What does this say about the Eisner awards? They are driven by an agenda. This is perfectly captured by the award winner for Best Academic/Scholarly Work:
Superwomen: Gender, Power, and Representation. I like Saga, but my biggest criticism of it is its occasionally preachy progressive politics. Wonder Woman is the latest darling of the progressive movement. And Squirrel Girl, a book about a immature teenager, is overtly progressive.
The Eisners are a lot like the Oscars or the Emmys. They are pushing a political agenda, rather than reflecting the actual merits of the books. As with movies, books made to win awards are generally inferior to those that have mass appeal. Genuine labors of love that are not being made to push an agenda or simply to cash in on a brand name are the books that people will be talking about years from now as the true classics.

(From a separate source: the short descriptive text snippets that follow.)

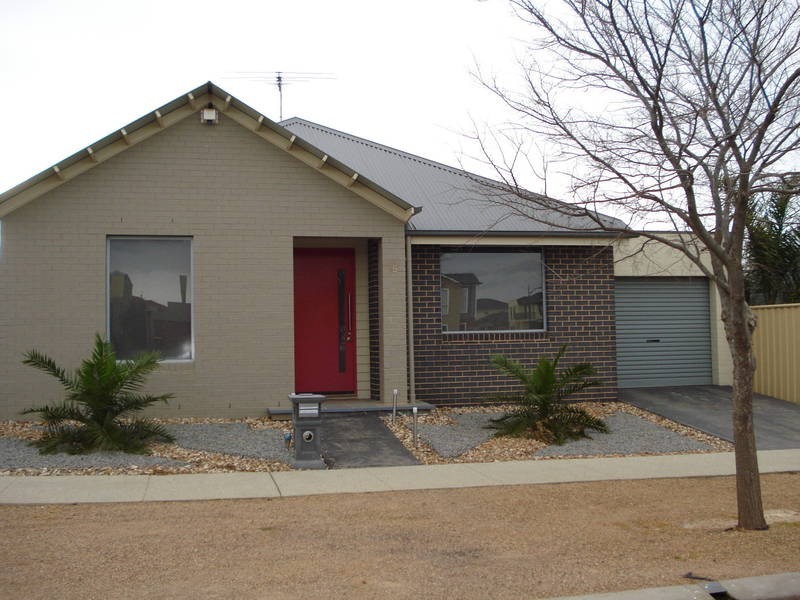 15 Kooyong Way, Caroline Springs VIC 3023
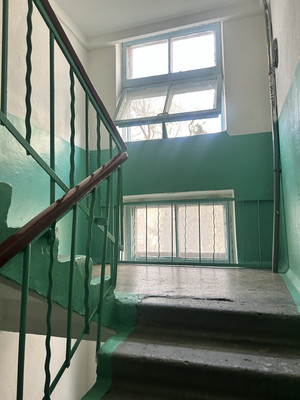Продам трехкомнатную (3-комн.) квартиру, Ульянова Дмитрия ул, 20, Ялта г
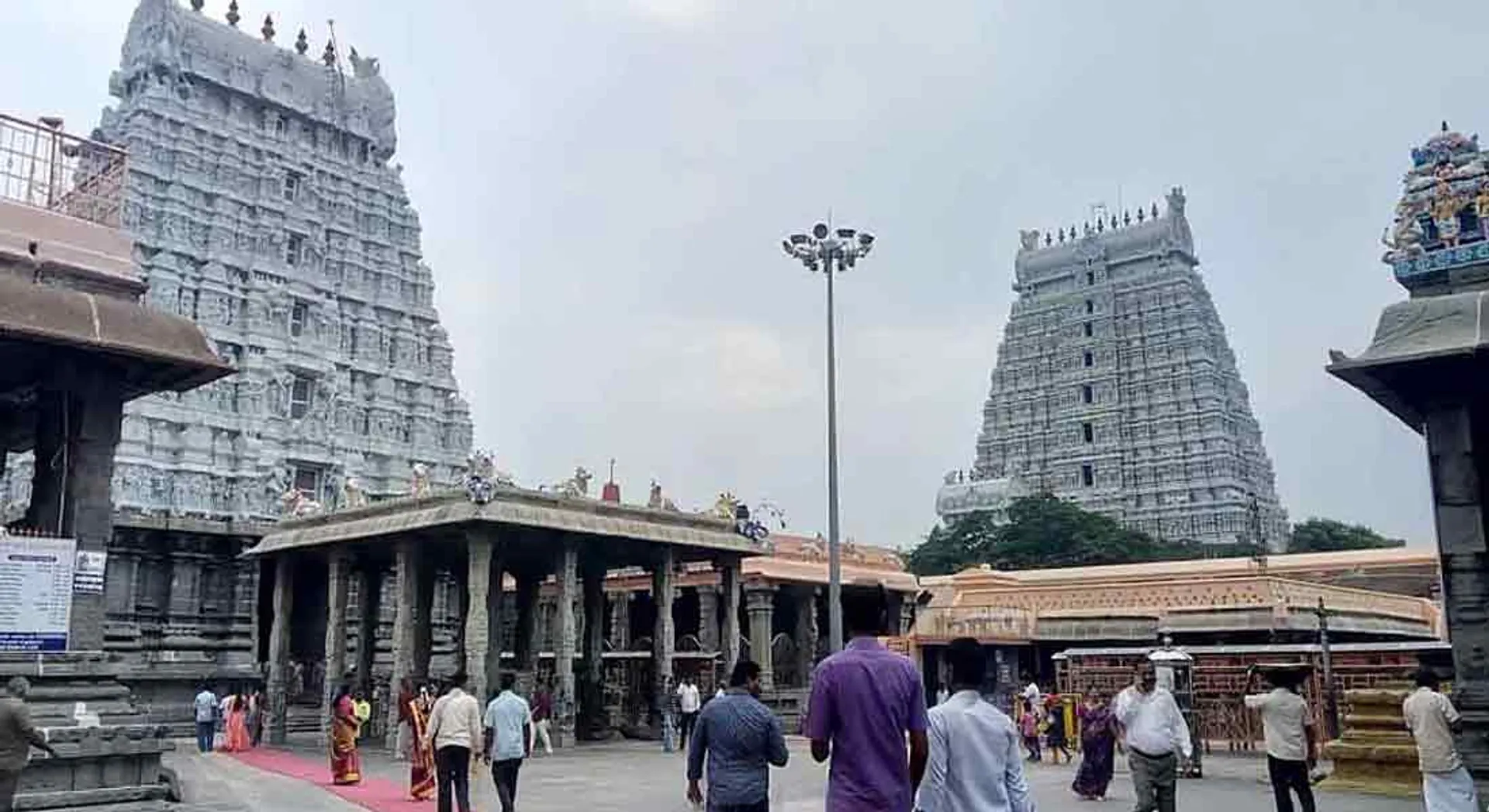  Insult inside the temple - Police explaining security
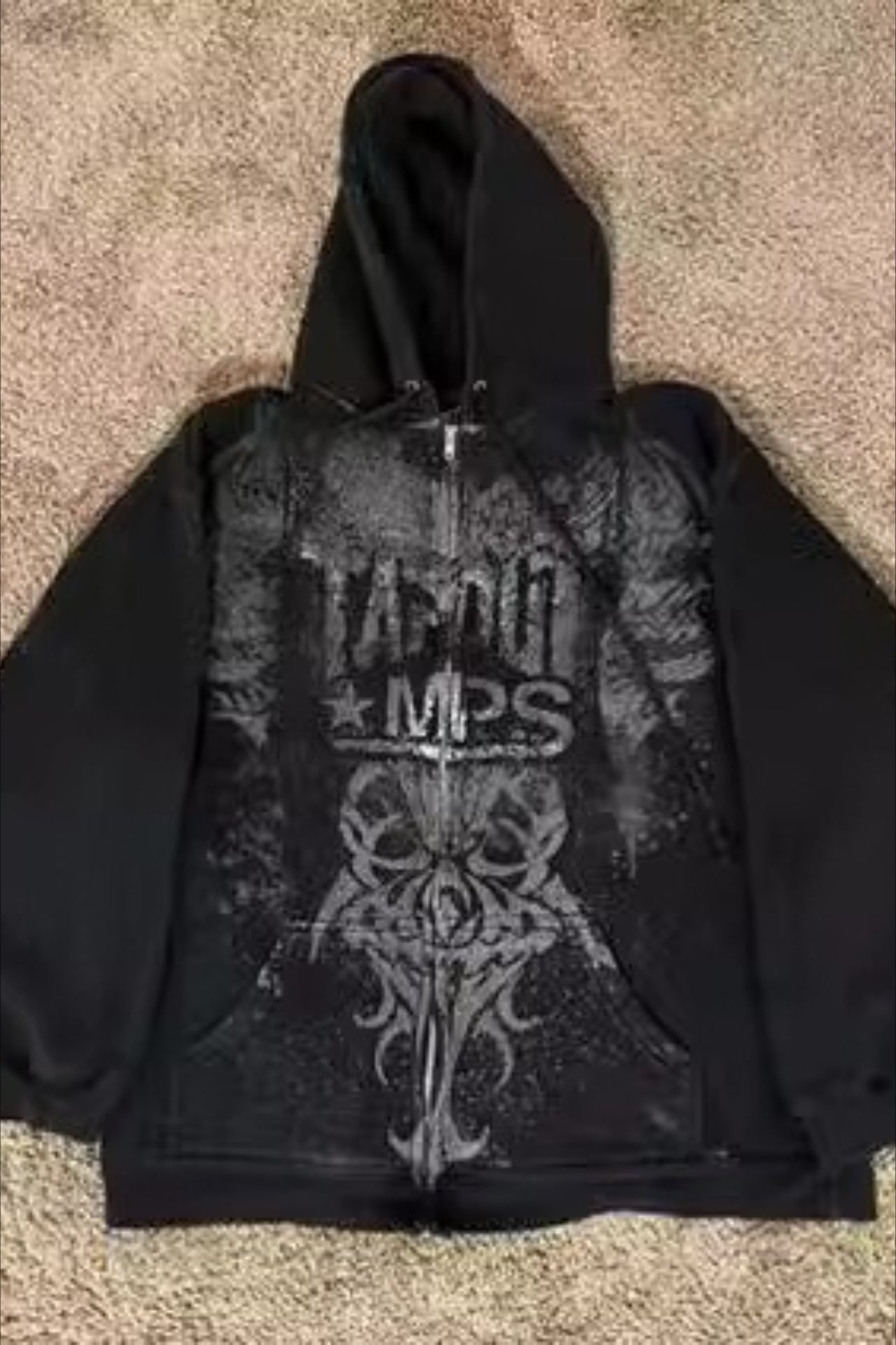Gothic Motif Graphic Zip Hoodie Secondary image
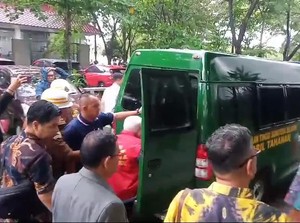 6 Tersangka Korupsi Izin Tambang Diserahkan ke Kejari Lahat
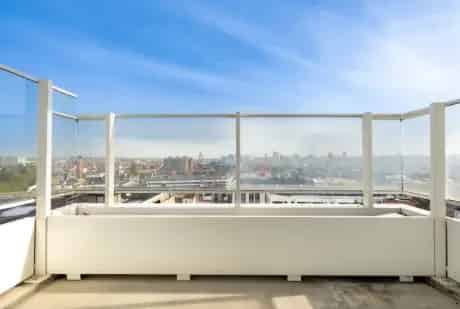 EKLA Appartementen Sint-Jans-Molenbeek: Nieuwbouw met School en Park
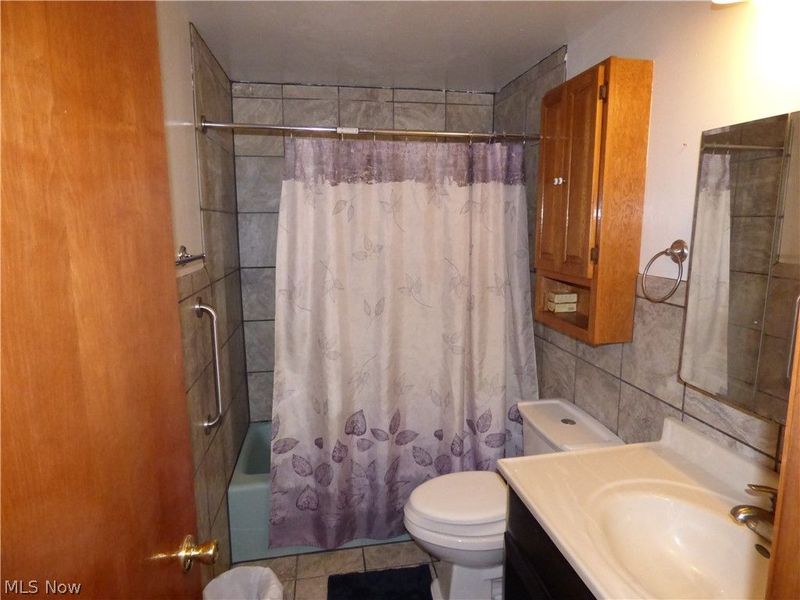 480 Aurora Drive , Youngstown, OH 44505 Photo 11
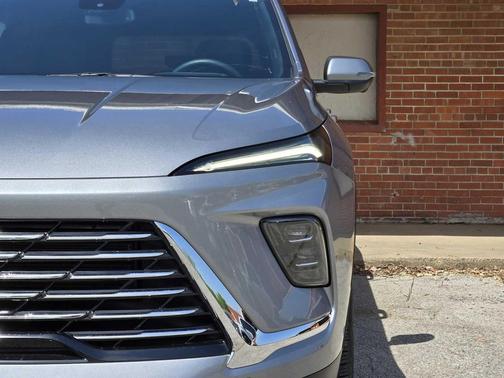 moonstone gray metallic 2026 Buick Enclave Preferred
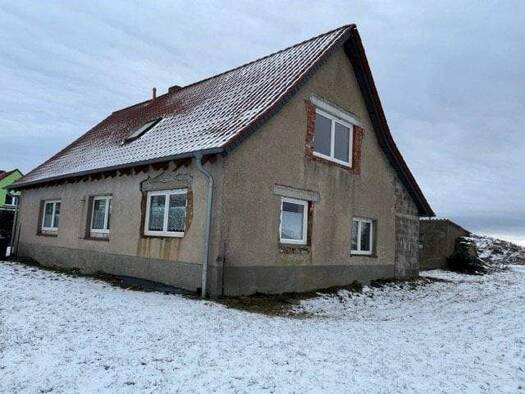 Einfamilienhaus zum Kauf 185.000 € 4 Zimmer 160 m² 2.300 m² Grundstück frei ab 01.04.2026 Gerdshagen Lohmen 18276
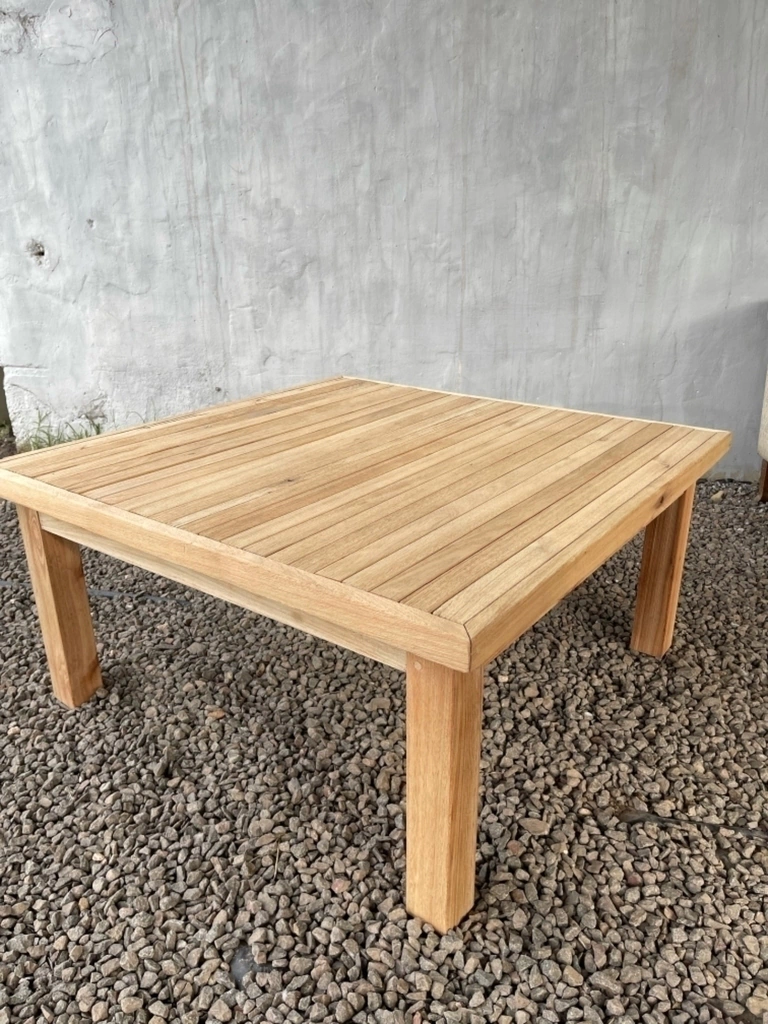 Mesa Baja Jardin Exterior /Interior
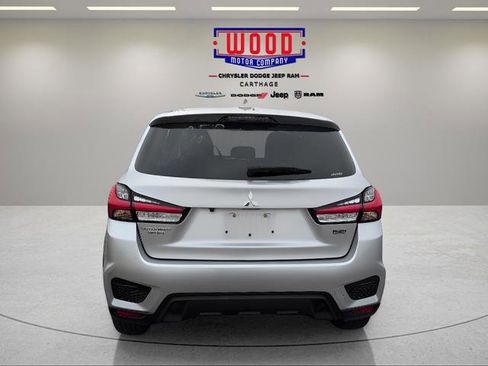 Used 2025 Mitsubishi Outlander Sport ES image 4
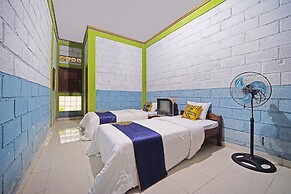 SPOT ON 91085 Griya Estu Wening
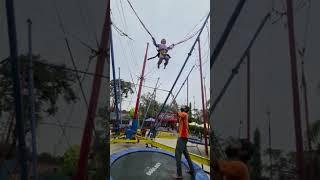 trampoline bungee jumping | melompat lebih tinggi #shorts #jump #fyp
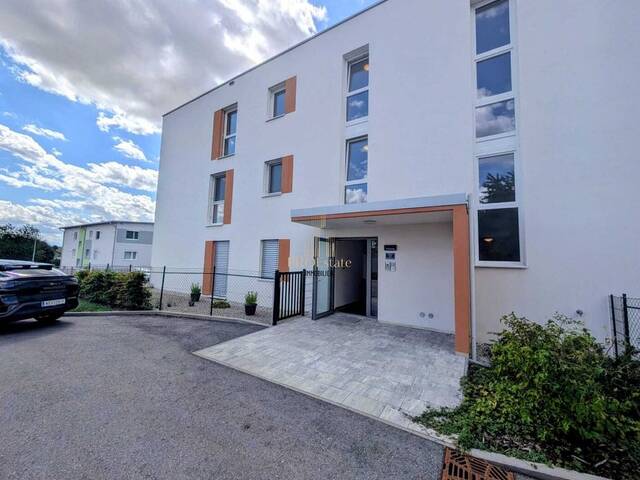 Immobilie in Buchkirchen - Neuwertige top eingerichtete Gartenwohnung mit Terrasse, Garage und Fußbodenheizung in Buchkirchen! - Bild 1
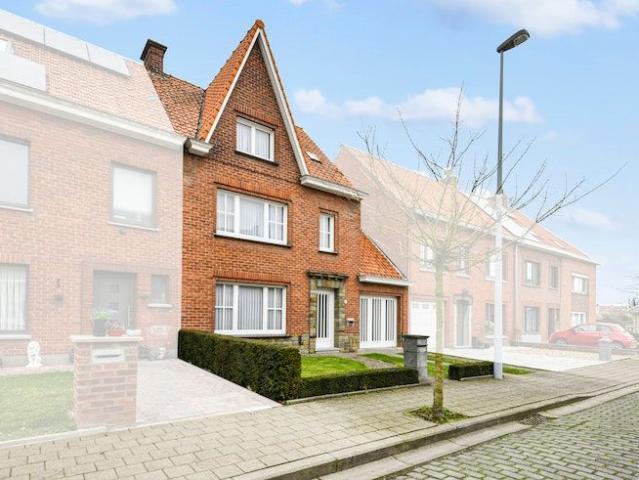 Op te frissen kloeke woning met garage!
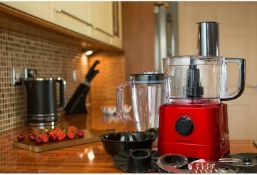 Andrew James Red Large Food Processor with Blender Jug & 6 Chopping Blades Grater. The perfect ...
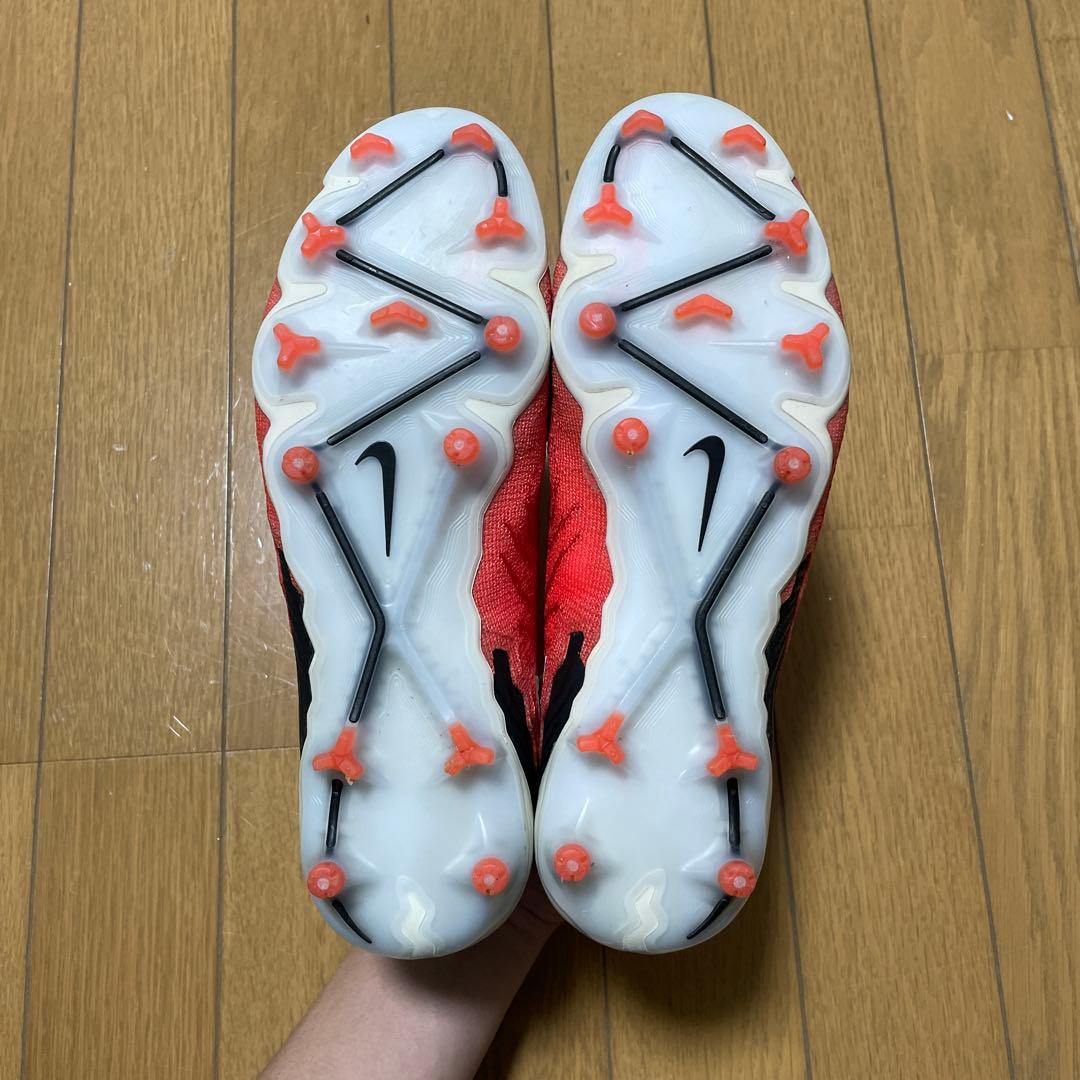 ナイキ　ファントムGX FG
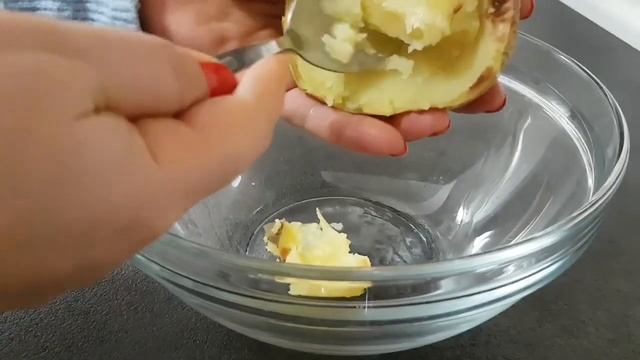 Фаршированная картошка с грибами, сыром и беконом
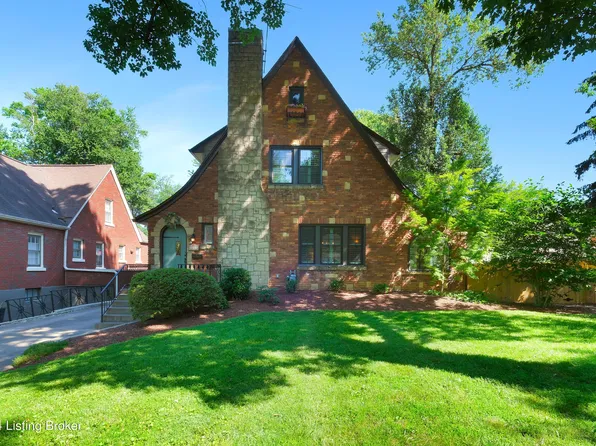 1213 Audubon Pkwy, Audubon Park, KY 40213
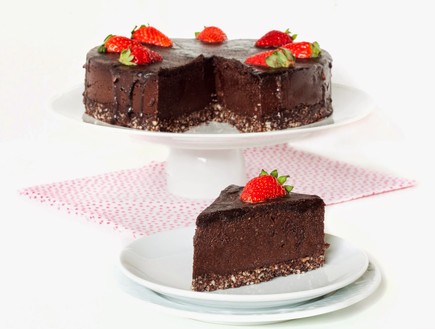 עוגת שוקולד טבעונית (צילום: אולגה טוכשר, המרכיב הסודי)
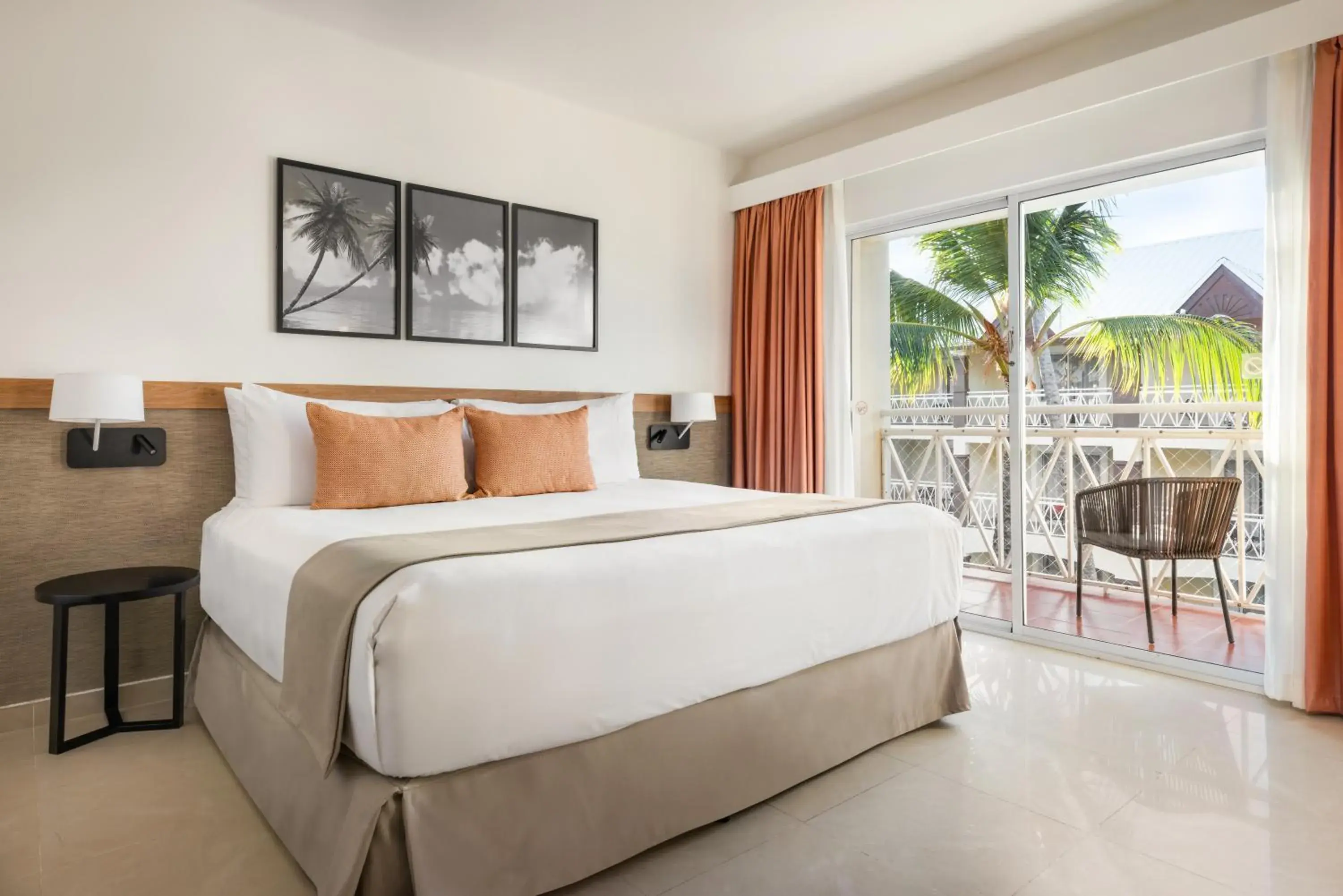 Sun Club Superior Tropical View King - single occupancy in Sunscape Coco Punta Cana - All Inclusive Sun Club Superior Tropical View King - single occupancy in Sunscape Coco Punta Cana - All Inclusive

One more thing of interest: Saga has not had a book in the top 1000 since 2014, but in that year, it held the number 1, 2, 4, and 10 slots in graphic novel sales, and in 2013, volumes 1 and 2 were ranked first and third. So, as is often the case for other awards, former greatness is being rewarded after a title’s popularity has faded. In fairness to the Eisners, Saga was recognized while it was popular, receiving awards in 2013 and 2014.